Re: XFS and write barriers.

From: Neil Brown <neilb@suse.de>
To: David Chinner <dgc@sgi.com>
Cc: xfs@oss.sgi.com, hch@infradead.org
Subject: Re: XFS and write barriers.
Date: Mon, 26 Mar 2007 14:27:24 +1000	[thread overview]
Message-ID: <17927.19372.553410.527506@notabene.brown> (raw)
In-Reply-To: message from David Chinner on Monday March 26

On Monday March 26, dgc@sgi.com wrote:
> On Mon, Mar 26, 2007 at 09:21:43AM +1000, Neil Brown wrote:
> > My point was that if the functionality cannot be provided in the
> > lowest-level firmware (as it cannot for raid0 as there is no single
> > lowest-level firmware), then it should be implemented at the
> > filesystem level.  Implementing barriers in md or dm doesn't make any
> > sense (though passing barriers through can in some situations).
> 
> Hold on - you've said that the barrier support in a block deivce
> can change because of MD doing hot swap. Now you're saying
> there is no barrier implementation in md. Can you explain
> *exactly* what barrier support there is in MD?

For all levels other than md/raid1, md rejects bio_barrier() requests
as -EOPNOTSUPP.

For raid1 it tests barrier support when writing the superblock and the
if all devices support barriers, then md/raid1 will allow
bio_barrier() down.  If it gets an unexpected failure it just rewrites
it without the barrier flag and fails any future write requests (which
isn't ideal, but is the best available, and should happen effectively
never).

So md/raid1 barrier support is completely dependant on the underlying
devices.  md/raid1 is aware of barriers but does not *implement*
them.  Does that make it clearer?

> > The most straight-forward way to implement this is to make sure all
> > preceding blocks have been written before writing the barrier block.
> > All filesystems should be able to do this (if it is important to them).
>                                              ^^^^^^^^^^^^^^^^^^^^^^^^^^
> 
> And that is the key point - XFS provides no guarantee that your
> data is on spinning rust other than I/O barriers when you have
> volatile write caches.
> 
> IOWs, if you turn barriers off, we provide *no guarantees*
> about the consistency of your filesystem after a power failure
> if you are using volatile write caching. This mode is for
> use with non-cached disks or disks with NVRAM caches where there
> is no need for barriers.

But.... as the block layer can re-order writes, even non-cached disks
could get the writes in a different or to the order in which you sent
them.

I have a report of xfs over md/raid1 going about 10% faster once we
managed to let barrier writes through, so presumably XFS does
something different if barriers are not enabled ???  What does it do
differently?

> 
> > Because block IO tends to have long pipelines and because this
> > operation will stall the pipeline, it makes sense for a block IO
> > subsystem to provide the possibility of implementing this sequencing
> > without a complete stall, and the 'barrier' flag makes that possible.
> > But that doesn't mean it is block-layer functionality.  It means (to
> > me) it is common fs functionality that the block layer is helping out
> > with.
> 
> I disagree - it is a function supported and defined by the block
> layer. Errors returned to the filesystem are directly defined
> in the block layer, the ordering guarantees are provided by the
> block layer and changes in semantics appear to be defined by
> the block layer......

chuckle....
You can tell we are on different sides of the fence, can't you ?

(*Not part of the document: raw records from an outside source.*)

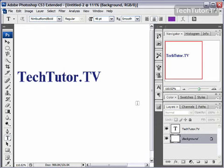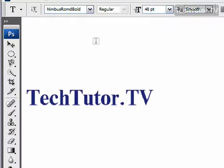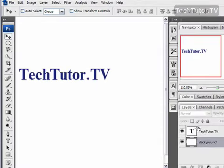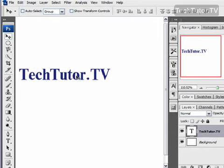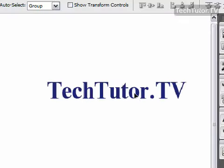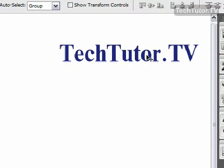If you have some text added to your Photoshop document that you'd like to move, go ahead and click on the move tool from your toolbox, and then click on the layer with the text that you want to move. You can simply grab a hold of your text and move it to any location on the canvas that you would like it to be.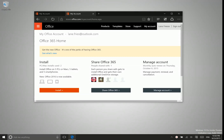Hey there folks, Lane with Windows10Update.com here, and today I'm just going to show you how to update or upgrade your Office 365 install from Office 2013 to Office 2016. This is going to give you brand new features in the entire suite of Office applications.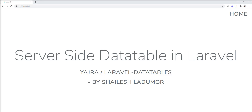Hello friends, welcome to my channel. Today we will learn how to set up a server-side data table in Laravel. In the last two data table tutorials, we learned how to set up a data table in Laravel and its features. If you still haven't watched those, you should watch them first — the tutorial link is given in the description.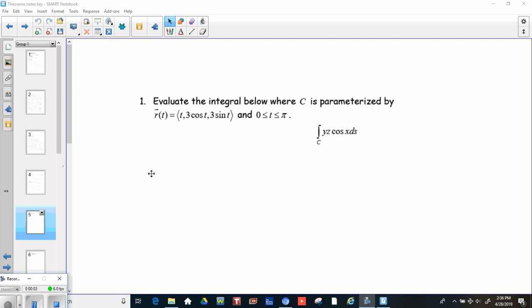All right, so as you might be able to see by the little crosshairs here, it looks like I fixed the problem. I just closed out the program and turned it back on, but if that works, it works. All right, so here we go.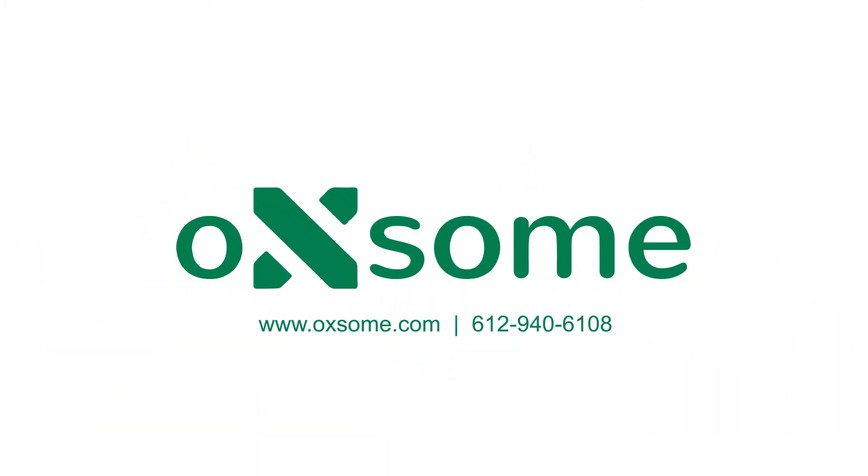Get back faster. Automate operations. Make more money. Contact Oxsome now.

There is certainly some validity in your position...

> 
> > > 	wait for all queued I/Os to complete
> > > 	call blkdev_issue_flush
> > > 	schedule the write of the 'barrier' block
> > > 	call blkdev_issue_flush again.
> > > 
> > > And not involve the filesystem at all? i.e. why should the filesystem
> > > have to do this?
> > 
> > Certainly it could.
> > However
> >  a/ The the block layer would have to wait for *all* queued I/O,
> >     where-as the filesystem would only have to wait for queued IO
> >     which has a semantic dependence on the barrier block.  So the
> >     filesystem can potentially perform the operation more efficiently.
> 
> Assuming the filesystem can do it more efficiently. What if it
> can't? What if, like XFS, when barriers are turned off, the
> filesystem provides *no* guarantees?

(Yes.... Ted T'so like casting aspersions on XFS... I guess this is
why :-)

Is there some mount flag to say "cope without barriers" or "require
barriers" ??
I can imagine implementing barriers in raid5 (which keeps careful
track of everything) but I suspect it would be a performance hit.  It
might be nice if the sysadmin has to explicitly ask...

For that matter, I could get raid1 to reject replacement devices that
didn't support barriers, if there was a way for the filesystem to
explicitly ask for them.  I think we are getting back to interface
issues, aren't we? 

> 
> > (c/ md/raid0 doesn't track all the outstanding requests...:-)
> 
> XFS doesn't track all outstanding requests either....

That surprises me... but maybe it shouldn't.

Thanks.
NeilBrown